__Task to complete__.
After locating the line that contains "Zapalovací kabel ŠKODA", quote it and all lines after it through the end of the entries, and nothing more. Pictures stay out.

__Study material__.
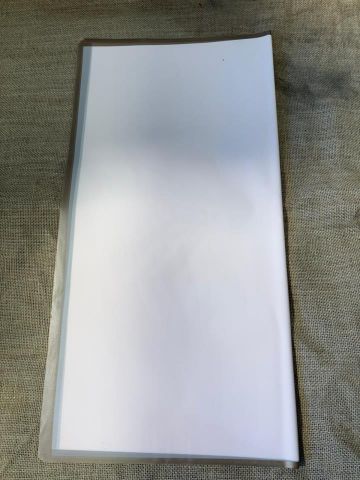 20 LAMINAS PAPEL COREANO *ROSA MAQUILLAJE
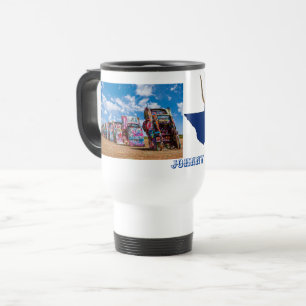 Texas Longhorns & Cadillac Ranch Commuter Resemugg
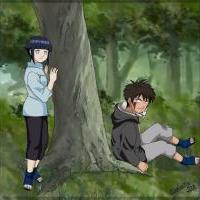 Kiba a Hinata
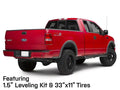 D799 18X9 6X135 BLK-OUT 01MM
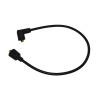Zapalovací kabel ŠKODA 100 105 110 120 130 RAPID - OPEL - BOSCH (OPEL 08968125 09286770 1282375 8968125 90286770 9286769 9286770)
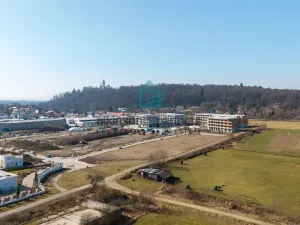 Prodej pozemku, Hluboká nad Vltavou, Masarykova, 1016 m2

__Written response__.
Zapalovací kabel ŠKODA 100 105 110 120 130 RAPID - OPEL - BOSCH (OPEL 08968125 09286770 1282375 8968125 90286770 9286769 9286770)
 Prodej pozemku, Hluboká nad Vltavou, Masarykova, 1016 m2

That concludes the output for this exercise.